Nowadays, he notably owns mansions in Cali and Florida and has a big a** yacht, which was nearly sunk by a bridge in Miami. Don’t worry, no weiners were hurt.
Weiner and his mother owned Rockstar entirely, with momma Weiner holding down a quarter of equity and a cushy CFO gig. The official press release did not specify whether Russ and his mother would remain on the job once the deal closes.
The bottom line…
This is the first big move for Pepsi’s new head honcho Ramon Laguarta, who took the reins as CEO in 2018, And it’s a good one (at least on paper) since the energy drink market is set to expand 5.9% annually through 2024, compared to just 1.4% for soft drinks. Yep, the numbers check out.
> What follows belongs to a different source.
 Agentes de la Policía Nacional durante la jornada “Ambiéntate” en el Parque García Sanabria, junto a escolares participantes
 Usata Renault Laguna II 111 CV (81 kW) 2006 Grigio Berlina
It’s worth noting that even being a household name and the number three player in the space, Rockstar is still a relatively small fish compared to the two titans of the energy drink game. To put things into perspective, Monster’s market value is 10 times what Pepsi just paid at $35.5B, and Redbull just sold a record 7.5B cans worldwide last year. For what it’s worth Redbull also holds a monopoly over the competitive plane racing and Flugtag circuits.
☑️ Savagery at its finest.
Some people just want to watch the world burn. Meet Carl Icahn.
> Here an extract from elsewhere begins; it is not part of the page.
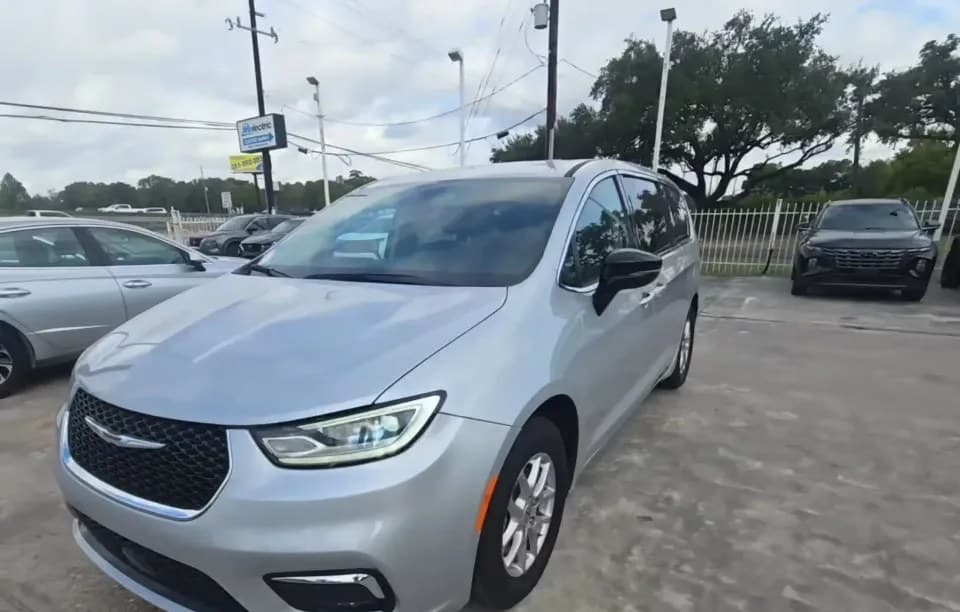 2024 CHRYSLER PACIFICA TOURING L 121.6" WB 2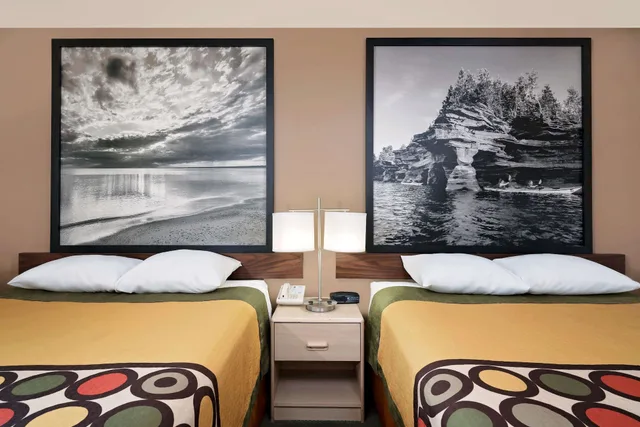 غرفة قياسية بسريرين كوين، AmericInn by Wyndham Mauston 5/8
Icahn, an activist investor, is taking full advantage of the recent market volatility. You see, Carl is doubling down on his takeover bid for Occidental Petroleum. He has continued to purchase shares as the oil giant’s stock price plummets.
Icahn now owns roughly 10% of Occidental after the company’s market value dropped from $46B to $11B. Who are they, WeWork?!
If Icahn gets his way, the entire Occidental board will be removed, along with CEO Vicki Hollub. Can’t this guy just take his pills and have some Jell-O like the rest of the people his age?
☑️ You gotta go.
Modell’s is declaring bankruptcy after the NY-area sporting goods retailer succumbed to the effects of the changing times. *Pours one out*
4th-generation CEO Mitchell Modell conceded that, despite negotiations with landlords and vendors, liquidation is the best way for creditors to get their money. The company has always been able to bank on the New York franchises to keep sales afloat but things got bad in 2019 as competition from Amazon and Walmart.com cut into the business. Selling Mets jerseys isn’t sustainable? Who’d have guessed?
☑️ I’m a motherf*ckin Starboard.
Speaking of activist investors… Starboard has officially nominated a number of directors to eBay’s board. The investment group has been openly criticizing the online marketplace for not selling off its classified business fast enough. They’re not into missed connections?
eBay has said it is in talks with suitors, including Blackstone, for the business which is worth around $10B. After recently selling StubHub for $4B, eBay is looking to finish its selloff and get back to its core business (read: selling weird stuff to weird people online). Someone’s going to buy those jarred celebrity farts.